Monday, 3 March 2014

Metal Gear Acid

Even though I beat this game a while ago, it's taken me more than a month to actually get on the blog and talk about it because it's just a bit shit.

"No way!" I hear you say, "There's no way in hell a bad Metal Gear Solid exists!".  Well before you start getting upset with me for slagging off Metal Gear, I'm not, I love Metal Gear but MGA is a fucking mess.

Story wise it's a pretty classic Metal Gear setup.  There's a bunch of terrorists who have invaded some place and they are after something that isn't called Metal Gear but is blatantly Metal Gear and it's up to you to stop it.  Since I'm writing this so long after finishing it I've kind of forgotten some of the plot.  Mainly it involved Metal Gear, some shit on a plane and child experimentation but the fact I've forgotten the plot might clue you in to just how forgettable and lack luster it was.

But the story isn't the reason Metal Gear Acid is a fucking mess.  No, the story is just a bit dull but it's the gameplay that really makes this game just unenjoyable.  In case you're not aware, Metal Gear Acid isn't played like any other Metal Gear game because this is a card game.

That's right, a fucking turn based CARD game.

 You have a deck of cards that fall into different categories such as weapons, items, actions and special effects that are represented by different characters.  Every card is used to move around the board and lets you move 3 spaces, while special movement cards will allow for greater movement.  Every card also has a cost, so the better cards cost more to use and that means that you have to wait longer between each turn.

Now the reason this game is a load of bullshit is because everything you do is dependant on what kind of cards you draw.  It's fine at first but there are certain points in the game where you NEED specific cards to do specific things and if you don't get lucky and draw your card then you'll just be sat there discarding shit for 5 or 6 turns until the card you eventually DO want shows up.

An example of this is there is a level where you are required to snipe flying cameras so that you can cross a bridge.  By that point in the game I had maybe 3 or 4 sniper rifle cards available, but I lost the mission multiple times because the game wouldn't give me the fucking cards to use, so they would just eventually move into my half of the map and spot me, calling a bunch of guards to enter the level and fuck me all up.

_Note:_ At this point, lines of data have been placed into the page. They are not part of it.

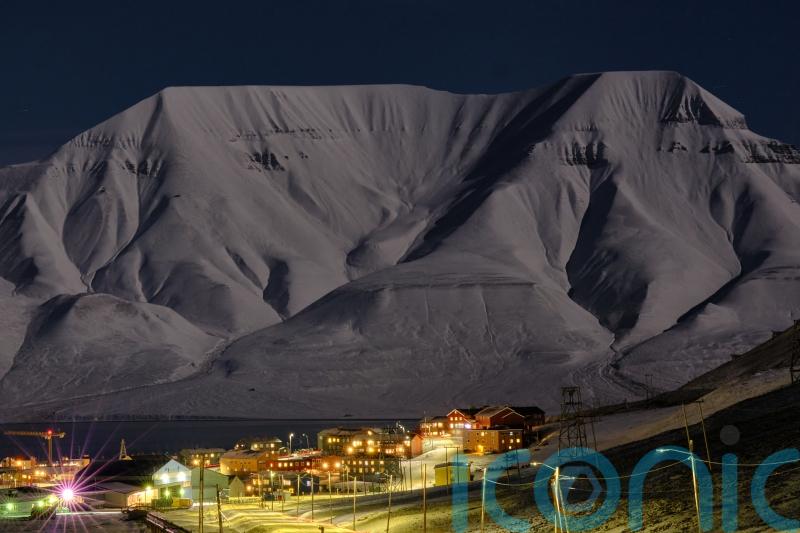 This is what it&rsquo;s like living in total darkness in winter in the Arctic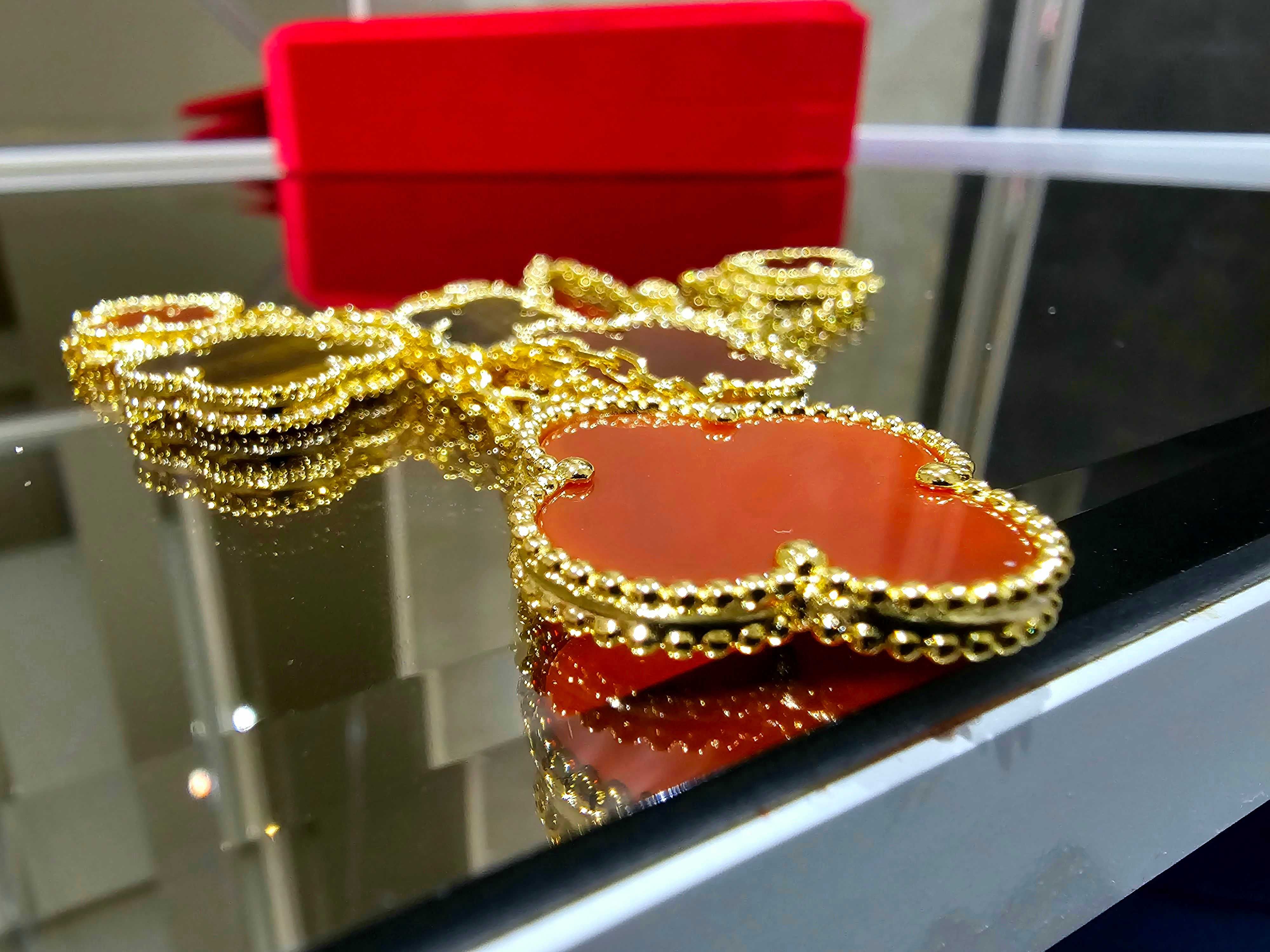 Van Cleef & Arpels VCA Gold Magic Red Tiger Eye Alhambra Дамско Колие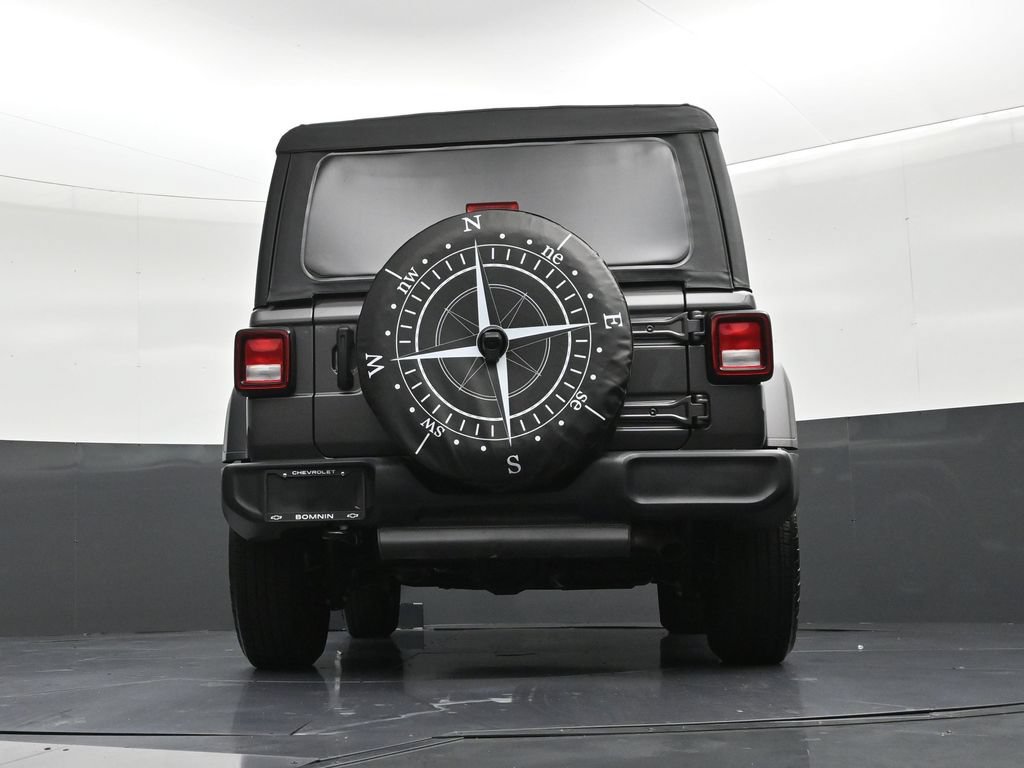 Used 2025 Jeep Wrangler Sport AWD/4WD image 23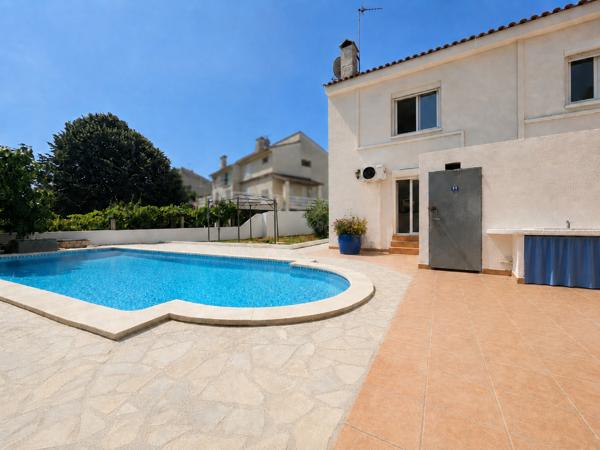Maison
         8 pièces
        - 213 m² Bien prestige 590 000 € *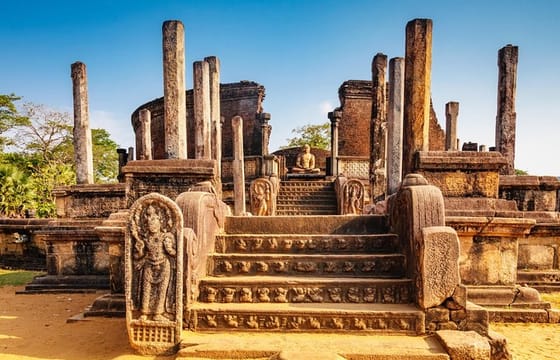 Polonnaruwa Ancient City All Inclusive Day Tour From Kandy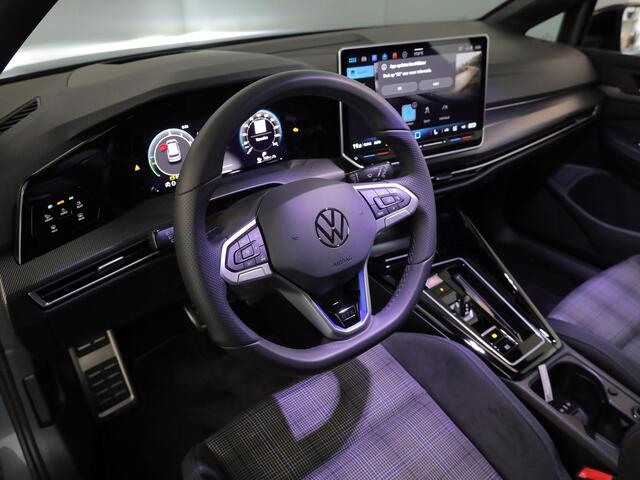 Volkswagen GOLF 1.5 eHybrid GTE 272PH PHEV | Panorama dak | Trekhaak | Head up display | Matrix koplampen |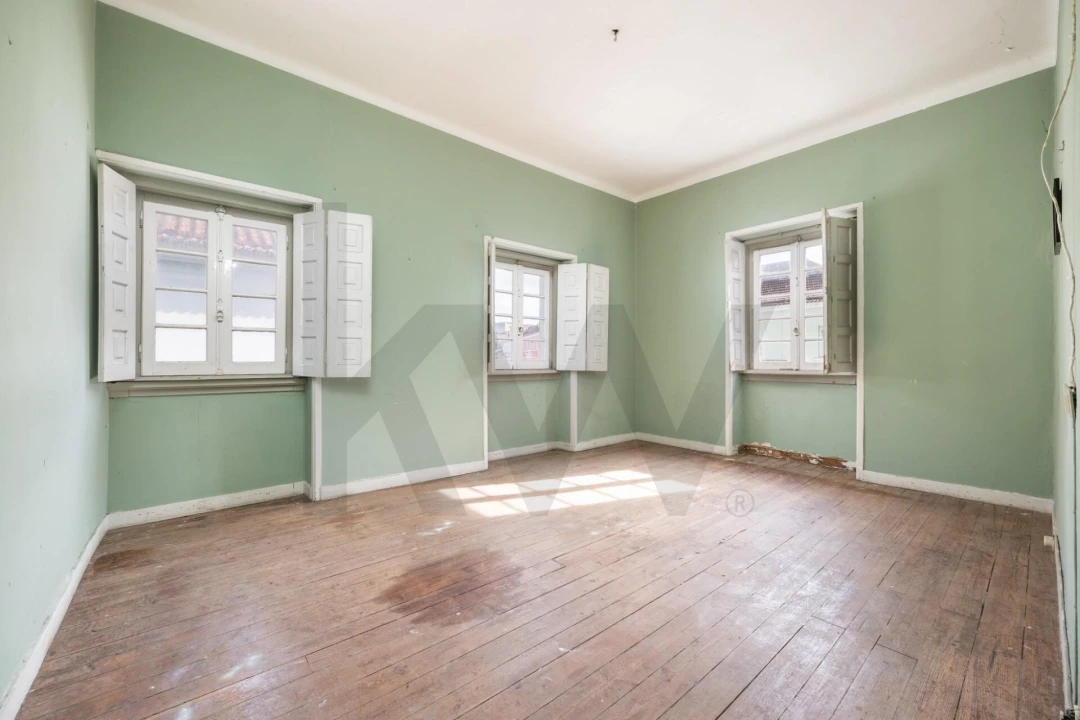 Apartamento T6 para Venda em Santo Antonio dos Olivais Foto 14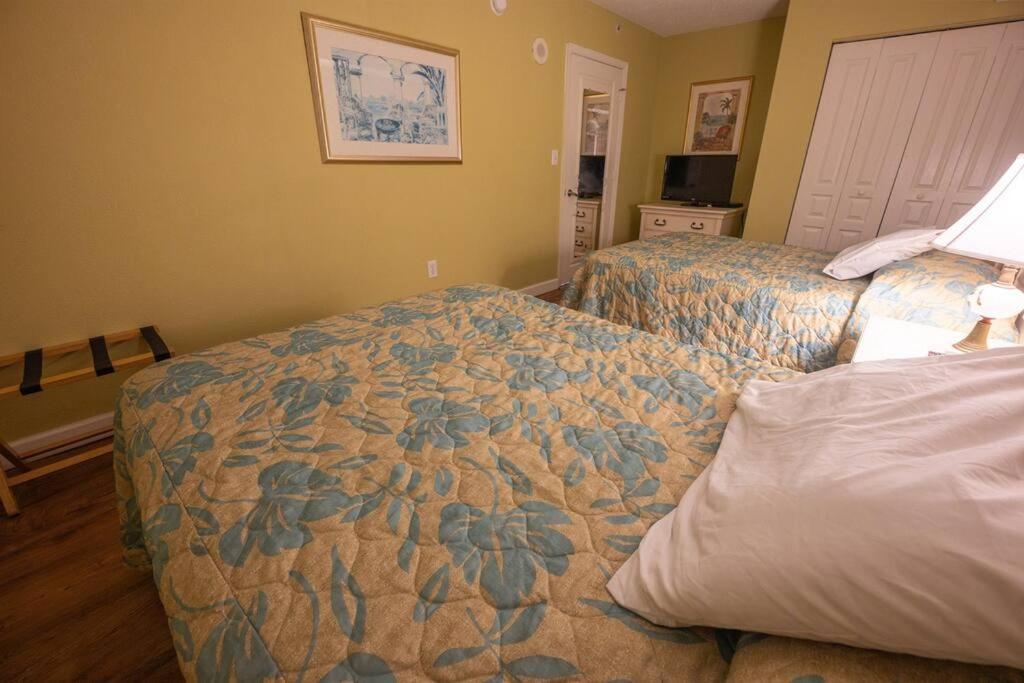 Baywatch Renovated, Unobstructed Oceanfront Views!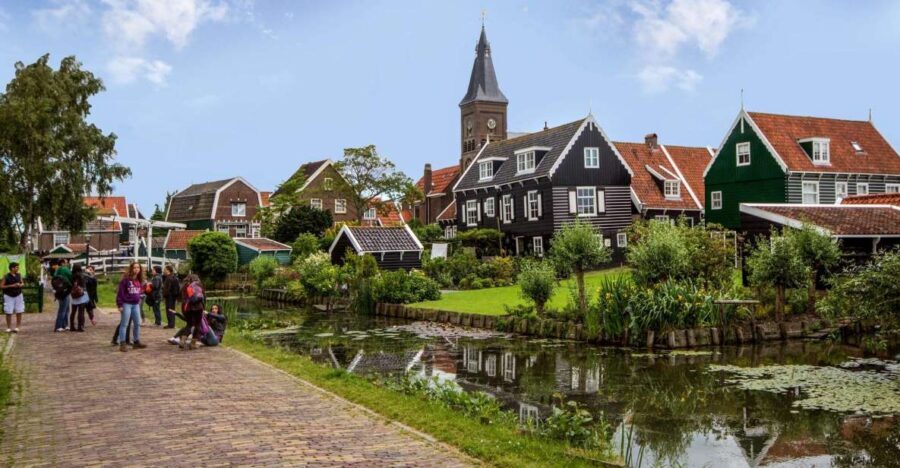 Marken, Volendam and Edam: Private Full-Day Tour - Key things you’ll notice on this tour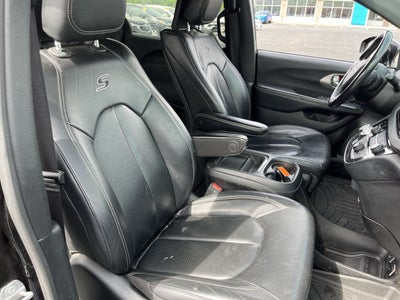 2020 Chrysler Pacifica Launch Edition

Now I guess you could just say to me "well why didn't you go and get more sniper rifles then?", but the problem with that is the only way to really get more cards quickly without having to tediously grind out old levels is to buy booster packs.  A booster pack gives you 3 cards, and usually it gives you 3 shit ones.  Through my entire playthrough I only got one rare card in a booster and the rare was so shit that I ended up never using it.  The one good thing about the boosters is the variety in the packs.  For example, at the start you only have access to Metal Gear Solid 1 themed cards, but as you progress you unlock MGS2, 3 and even Metal Gear 1 and 2 themed cards, so if you're the kind of person who enjoys collecting digital cards then you have a lot to work with here.

I'm being overly harsh when I say Metal Gear Acid is a fucking mess, but it's certainly frustrating and sometimes VERY unfun to play with certain levels being made an absolute chore by the games fucking stupid card thing.  Still though, it's a unique take on the Metal Gear series and maybe the sequel that I've not played is way better, so it's at least worth a quick go on your PSP.